Not surprisingly, the main highlight of the trail is the nearby presence of the big lake the Ojibwa people (and Gordon Lightfoot) called Gitchi Gami (Big Water). Stunning views of the water are common. Numerous streams and rivers flow into the lake and the path is often situated to provide a view of a spectacular waterfall as the flow drops off the ridge down to the lake.
The trail itself doesn’t have huge climbs. The lake sits at around 600 feet above sea level and the high point on the trail is a bit over 1,200 feet higher. Consider the trail to be moderate to challenging though. Hiking is rarely on flat ground, with steep elevation changes between river valleys and ridgetop.
There are no permits or fees to hike the trail. Campers are required to stay at one of 93 established backcountry campsites. Each site offers multiple tent pads, a fire ring, and a latrine. Typically, a water source is nearby.
The southern terminus for a traditional thru-hike is the Martin Road trailhead. From I-35, take 21st Ave. East Exit #258. Turn left on 21st Ave. E. and go 0.7 miles up hill. Turn right on Woodland Ave. and go 1.2 miles. Turn right on Snively Rd. and go 1.0 miles to intersection with Jean Duluth Rd. Continue straight on Jean Duluth Rd. and go 1.9 miles. Turn left on Martin Rd. and go 1.2 miles to trailhead parking lot on left. Two shuttle companies are in the area for those wanting a one-way hike.
The Buckeye Trail, Ohio
The Buckeye Trail is an interesting animal. I put it in this best hikes in the Midwest list due to its sheer length while staying within one state. It wanders 1,444 miles all over the state of Ohio in a big loop that also has a couple of smaller loops and spurs included. In one spot or another, the trail shares tread with most of the trails in the state I’ve ever hiked. If you want to thru-hike a trail that few others have completed, this could be your trail. If you want a thru-hike that includes hundreds of miles of road walks and significant stretches with no camping options, this could also be your trail.

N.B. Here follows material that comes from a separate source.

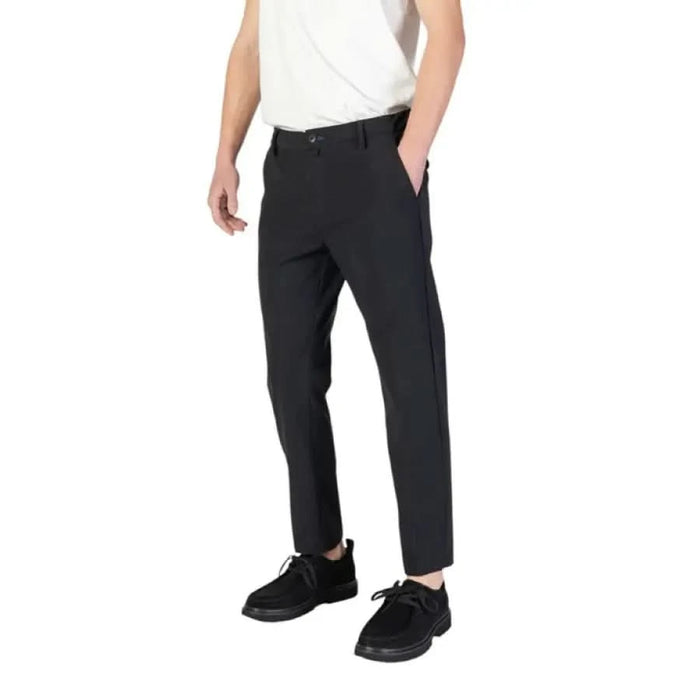 Black cropped dress pants with side pockets from Borghese Men Trousers collection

There are a lot of good options for section hikes, however. The pathway travels through Ohio’s only national forest, Cuyahoga Valley National Park, 18 state parks, five state forests, four wildlife areas, eight Ohio Historical Society properties, six Watershed Conservancy lands and 18 county or Metropark lands. Whatever length and challenge level of a hike you are looking for, chances are you can find it on the Buckeye Trail.